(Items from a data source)
----------------

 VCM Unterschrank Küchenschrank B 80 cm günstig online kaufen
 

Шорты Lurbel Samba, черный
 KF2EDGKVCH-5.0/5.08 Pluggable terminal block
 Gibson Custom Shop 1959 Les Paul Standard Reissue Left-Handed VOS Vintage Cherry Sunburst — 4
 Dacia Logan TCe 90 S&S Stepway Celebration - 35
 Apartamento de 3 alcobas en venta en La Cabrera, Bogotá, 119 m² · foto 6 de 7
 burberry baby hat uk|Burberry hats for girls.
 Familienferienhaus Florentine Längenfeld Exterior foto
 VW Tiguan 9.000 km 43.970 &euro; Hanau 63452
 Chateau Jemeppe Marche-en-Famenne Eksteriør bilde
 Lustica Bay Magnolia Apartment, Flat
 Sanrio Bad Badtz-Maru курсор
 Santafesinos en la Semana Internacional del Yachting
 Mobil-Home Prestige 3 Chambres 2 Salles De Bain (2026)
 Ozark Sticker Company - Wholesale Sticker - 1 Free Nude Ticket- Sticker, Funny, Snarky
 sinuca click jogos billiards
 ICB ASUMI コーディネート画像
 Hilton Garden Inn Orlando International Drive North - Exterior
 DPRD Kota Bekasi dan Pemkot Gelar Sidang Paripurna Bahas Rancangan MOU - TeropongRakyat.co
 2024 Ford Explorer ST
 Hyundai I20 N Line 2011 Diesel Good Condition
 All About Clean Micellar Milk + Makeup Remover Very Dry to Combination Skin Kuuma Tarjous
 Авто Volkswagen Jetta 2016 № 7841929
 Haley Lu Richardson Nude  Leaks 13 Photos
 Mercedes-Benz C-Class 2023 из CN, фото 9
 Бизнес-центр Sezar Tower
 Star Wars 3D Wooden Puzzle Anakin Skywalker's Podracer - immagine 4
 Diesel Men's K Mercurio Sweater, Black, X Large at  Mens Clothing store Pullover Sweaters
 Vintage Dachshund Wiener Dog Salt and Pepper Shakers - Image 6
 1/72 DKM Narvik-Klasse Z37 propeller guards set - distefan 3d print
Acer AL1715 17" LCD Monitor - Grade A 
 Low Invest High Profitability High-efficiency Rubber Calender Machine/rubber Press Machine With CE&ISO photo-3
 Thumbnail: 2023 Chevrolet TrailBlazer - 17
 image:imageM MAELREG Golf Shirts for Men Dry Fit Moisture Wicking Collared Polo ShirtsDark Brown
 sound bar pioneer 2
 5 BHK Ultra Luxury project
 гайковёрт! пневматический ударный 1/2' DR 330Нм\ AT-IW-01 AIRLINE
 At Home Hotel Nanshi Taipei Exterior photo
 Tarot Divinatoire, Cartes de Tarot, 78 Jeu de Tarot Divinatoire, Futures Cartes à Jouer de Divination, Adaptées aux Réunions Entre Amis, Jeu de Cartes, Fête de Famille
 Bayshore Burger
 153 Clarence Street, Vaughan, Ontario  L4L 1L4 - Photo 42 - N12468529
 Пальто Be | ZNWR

----------------

▶ _What to do_
The lines to return are those with the string "Exterior" in them; copy each from the entries above.

▶ _Response to the task_
 Familienferienhaus Florentine Längenfeld Exterior foto
 Hilton Garden Inn Orlando International Drive North - Exterior
 At Home Hotel Nanshi Taipei Exterior photo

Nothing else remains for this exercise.